**Task inputs:**
# # # # # # #

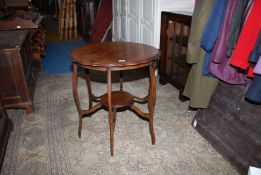 An Edwardian Mahogany occasional Table with pie crust edge, standing on six shaped legs,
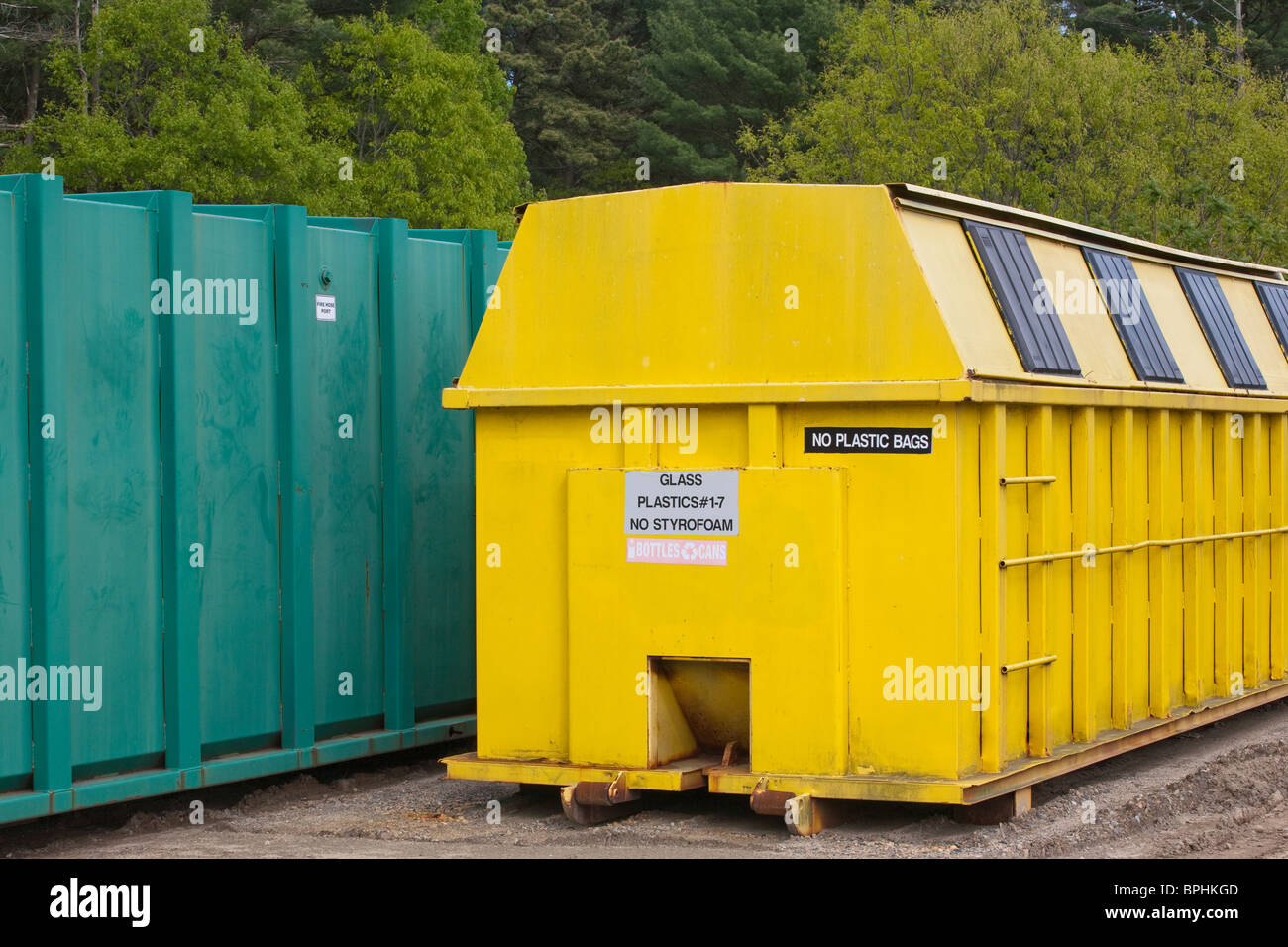 Recycling container used for plastic and glass near a trash container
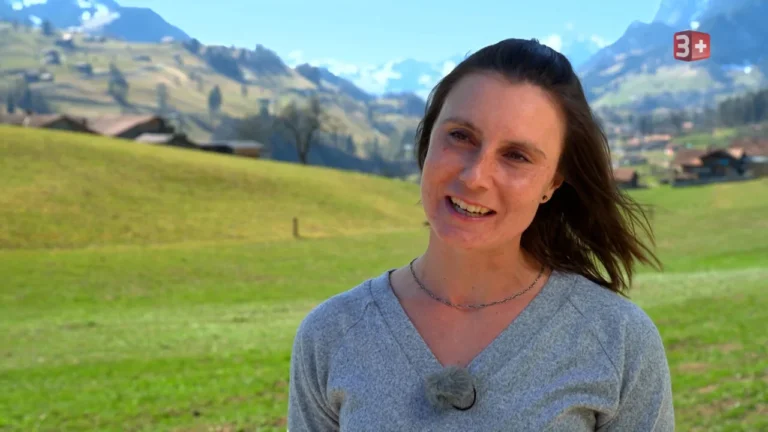 Smiling woman outdoors in a grassy field with mountains in the background; microphone clipped to her sweater.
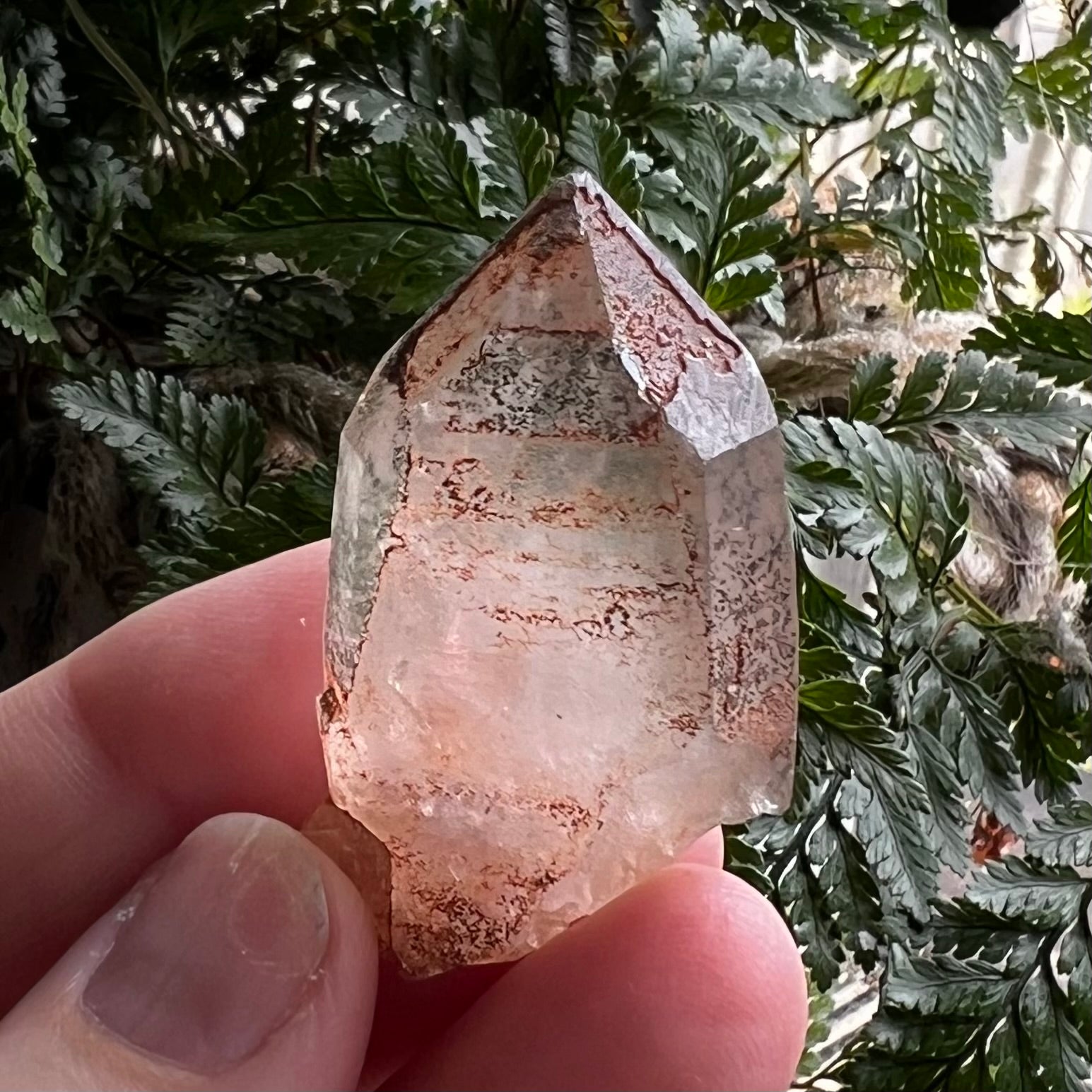 natural etched quartz with chlorite and hematite inclusions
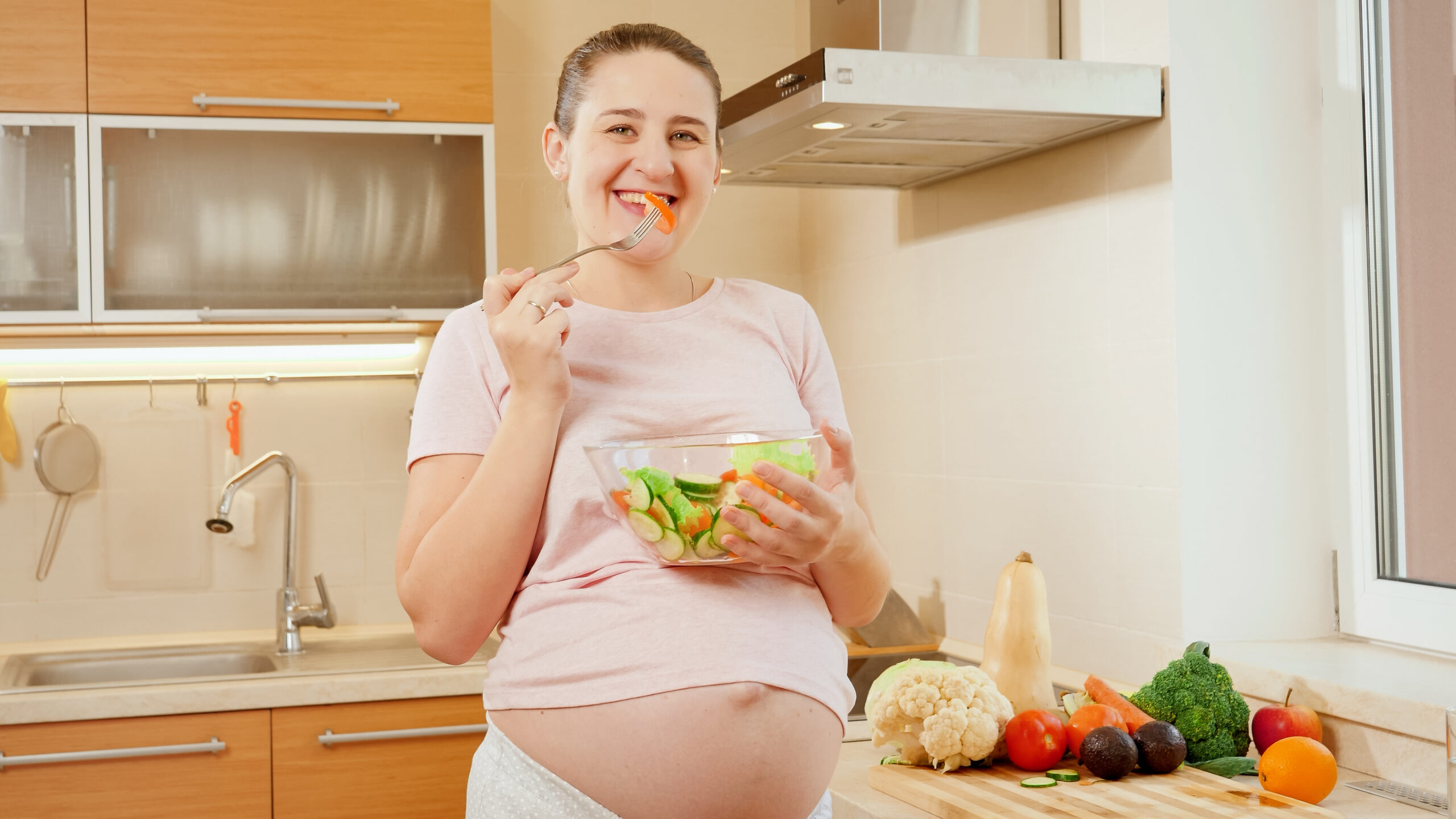 Portrait of smiling pregnant woman holding big glass bowl and eating vegetable salad on kitchen.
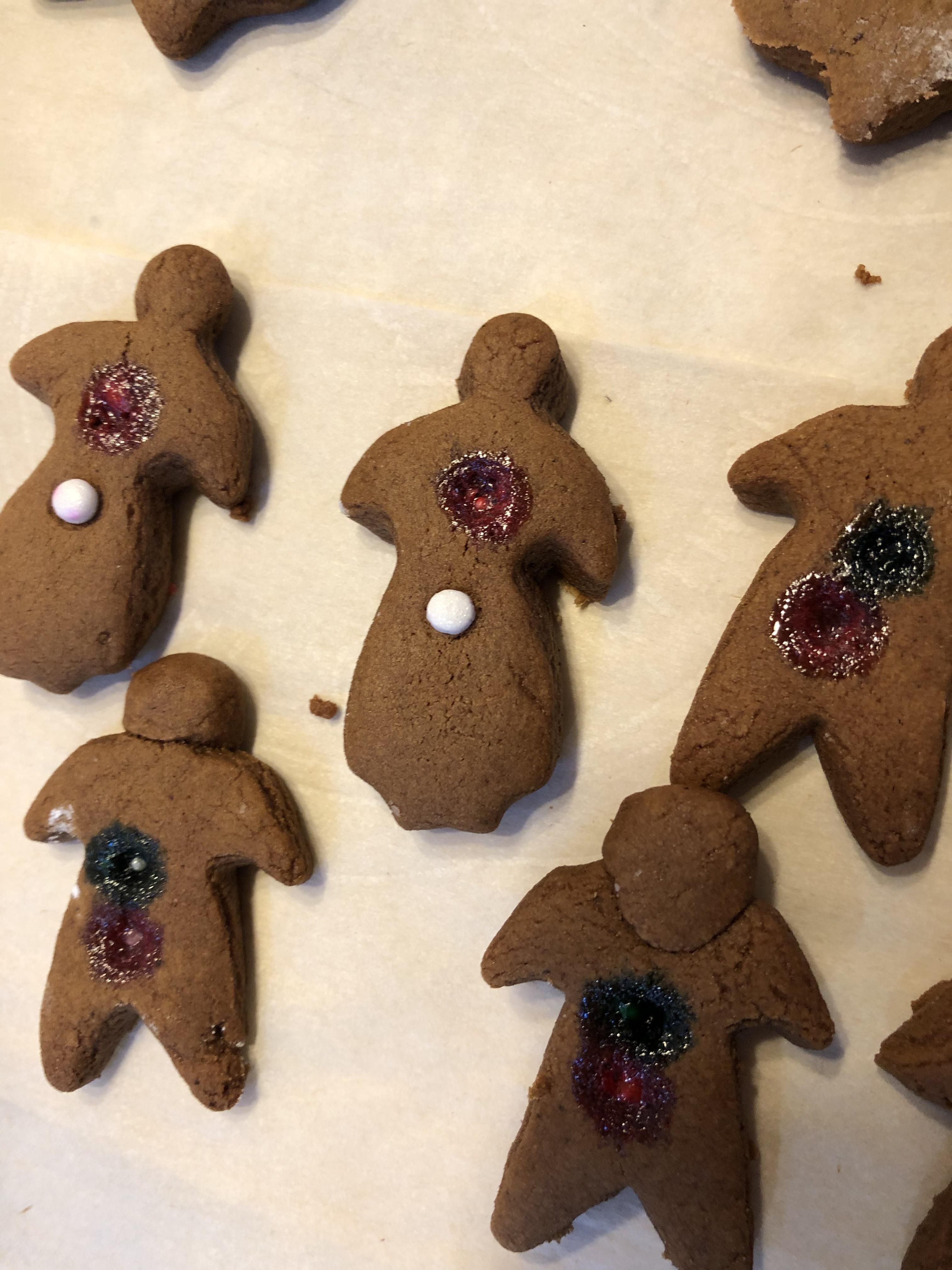My girlfriend made gingerbread people and put the sprinkles on too soon and they melted. Now it looks like they got shot.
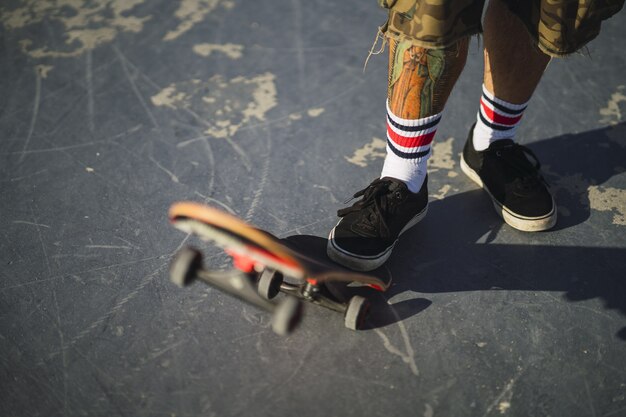 Giovane maschio facendo diversi trucchi con uno skateboard nel parco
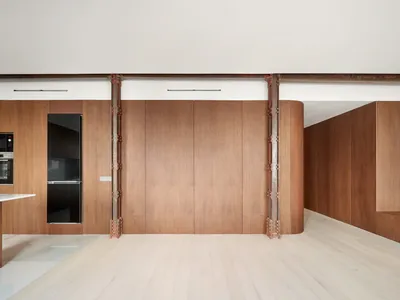 Pulso Arquitectos Carves a Madrid Apartment Around Exposed Steel Columns and Walnut Millwork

# # # # # # #

**What to do:**
What is needed is a verbatim copy of every entry, with the pictures omitted.

**Result of this exercise:**
 An Edwardian Mahogany occasional Table with pie crust edge, standing on six shaped legs,
 Recycling container used for plastic and glass near a trash container
 Smiling woman outdoors in a grassy field with mountains in the background; microphone clipped to her sweater.
 natural etched quartz with chlorite and hematite inclusions
 Portrait of smiling pregnant woman holding big glass bowl and eating vegetable salad on kitchen.
My girlfriend made gingerbread people and put the sprinkles on too soon and they melted. Now it looks like they got shot.
 Giovane maschio facendo diversi trucchi con uno skateboard nel parco
 Pulso Arquitectos Carves a Madrid Apartment Around Exposed Steel Columns and Walnut Millwork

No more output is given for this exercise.